Незнакомец заказал ещё порцию виски.

— Нет, шутки в сторону, — сказал он. — Таинство брака…

— Но чего ради двум людям мучиться, — не унималась официантка, — когда можно без этого?

— А почему бы им не помучиться? — спросил Спэндрелл. — Может быть, они для этого и живут на свете. Откуда вы знаете, что земля не служит адом для какой-нибудь другой планеты?

— Какая чушь! — рассмеялась официантка, явно стоявшая на точке зрения позитивизма.

— Но ведь англиканская церковь не считает брак таинством, — продолжал Спэндрелл.

Херувим возмущённо передёрнулся.

— А вы что же, меня за англиканца принимаете?

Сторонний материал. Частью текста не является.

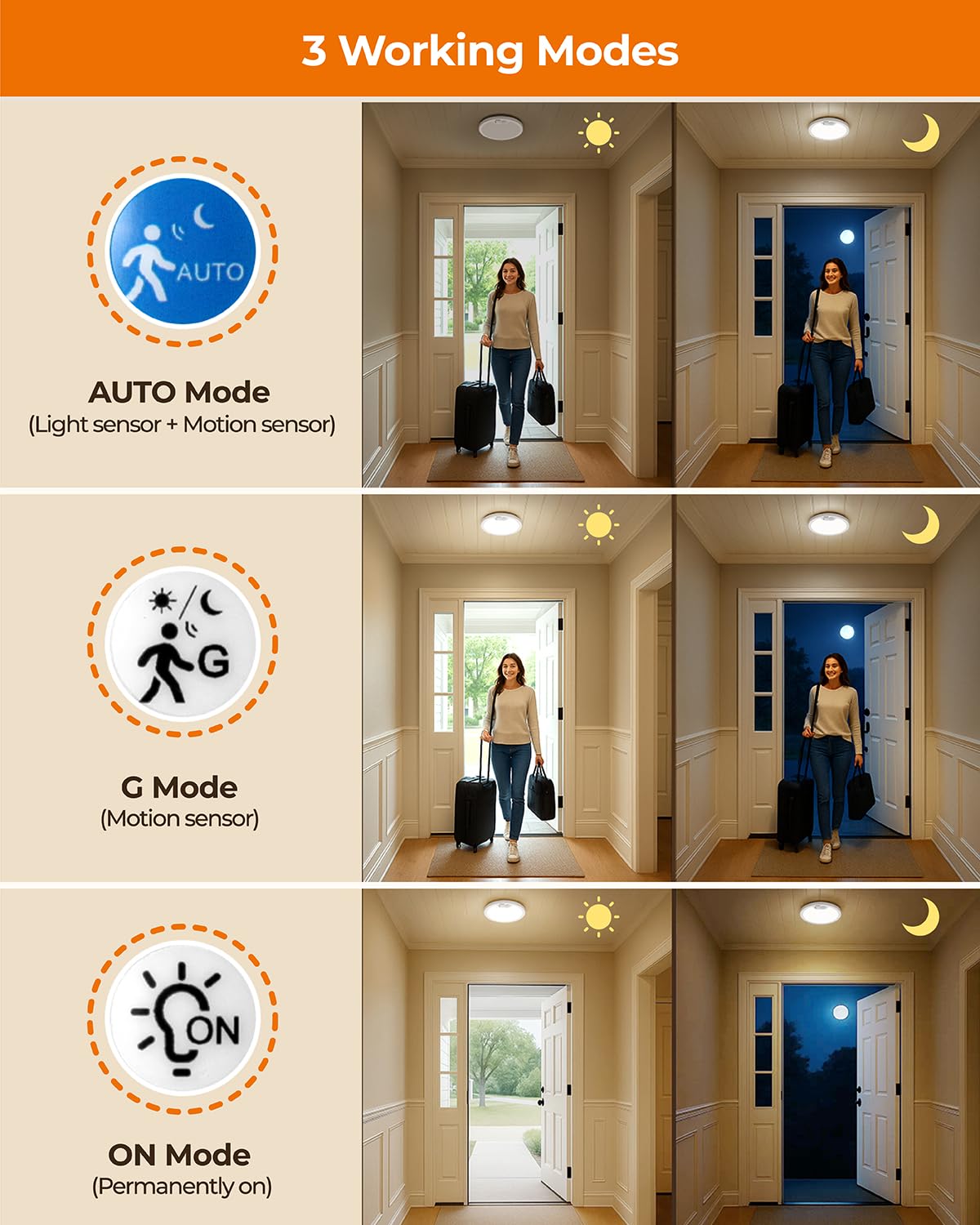 BLNAN Rechargeable Motion Sensor Ceiling Light with Remote, Dimmable Closet Light, LED Shower Lights, Waterproof Battery Operated Ceiling Light for Closet Shower Stairs Shed Hallway Porch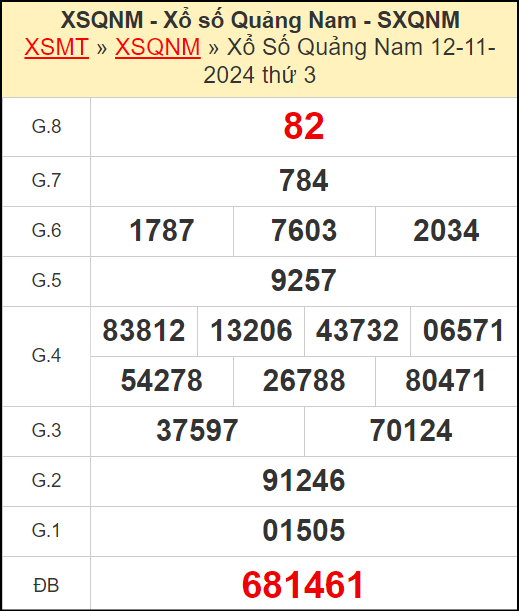 Kết quả xổ số Quảng Nam ngày 12/11/2024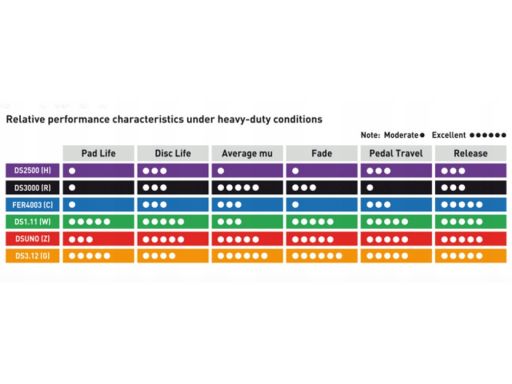 Klocek Hamulcowy Kpl. Klocki Hamulcowe Wyczynowe Ds 2500 Bez Homologac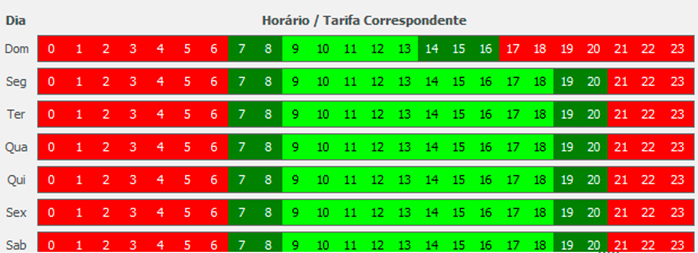 tabela horario2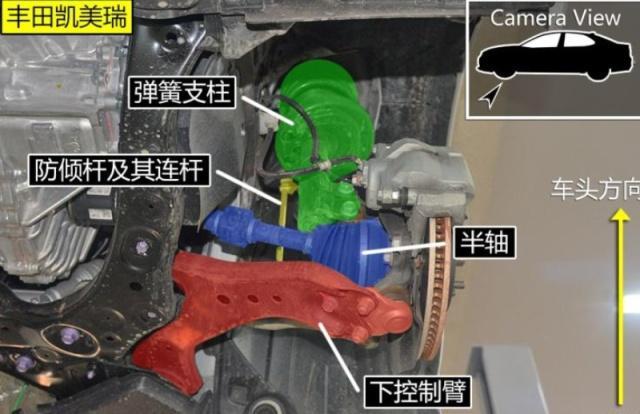 丰田车底盘质量可信吗,丰田车身质量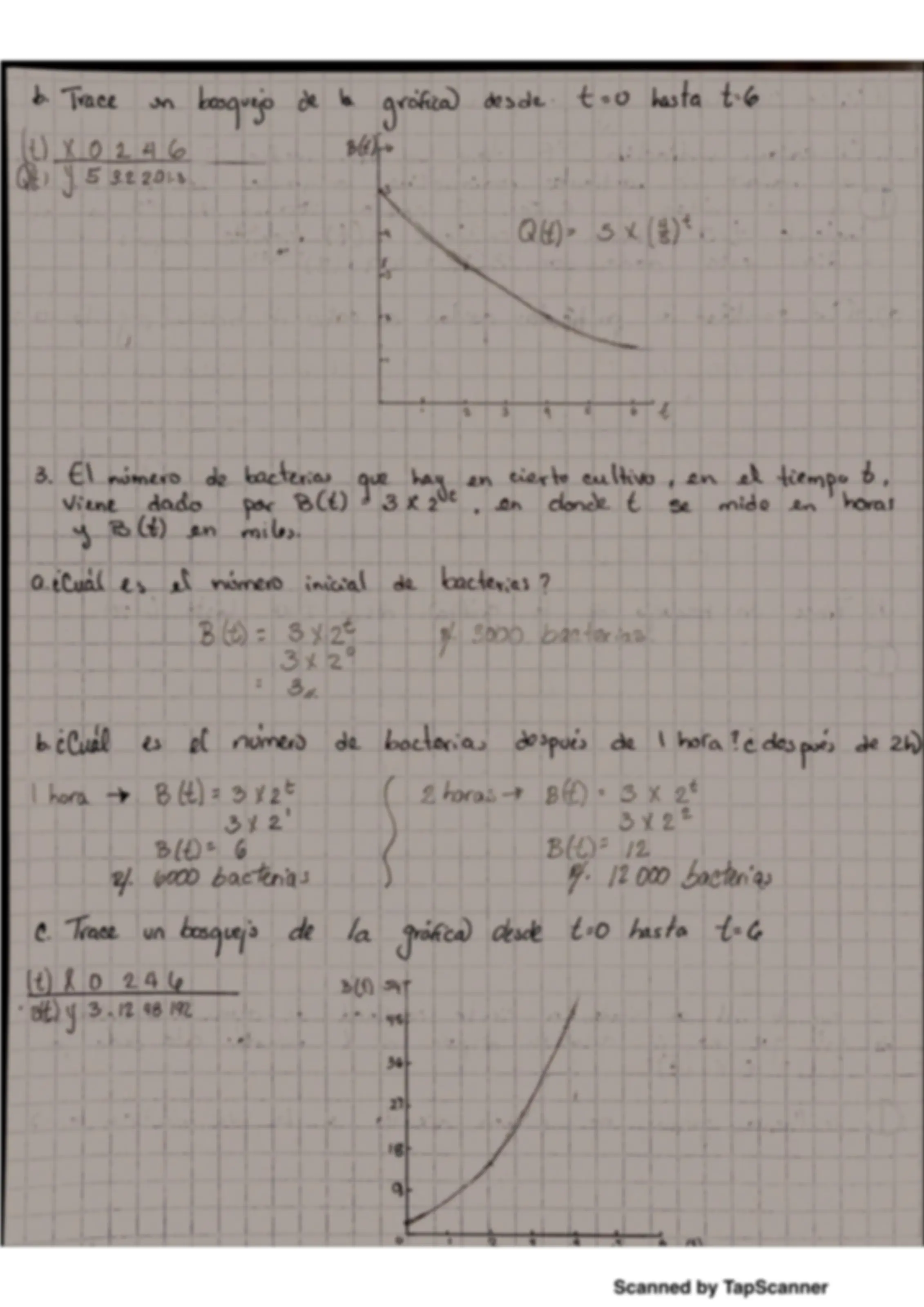 pf5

Рабочий день кончился; бар начал наполняться мужчинами, жаждавшими духовного облегчения. Пиво текло рекой, крепкие напитки тщательно отмеривались в маленькие стаканчики. Портер, стаут [146], виски были для этих людей эквивалентом путешествия за границу и мистического экстаза, поэзии и воскресного дня в обществе Клеопатры, охоты на крупную дичь и музыки. Херувим заказал ещё порцию.

— В какой век мы живём! — сказал он, качая головой. — Варварский век! Люди пребывают во мраке неведения относительно основных предписаний религии.

— Не говоря уже о предписаниях гигиены, — сказал Спэндрелл. — Какая вонь от сырой одежды, и все окна закрыты!

Он вынул носовой платок и приложил его к ноздрям. Херувим содрогнулся и воздел руки.

— Боже мой, что за платок! — воскликнул он. — Какой ужас!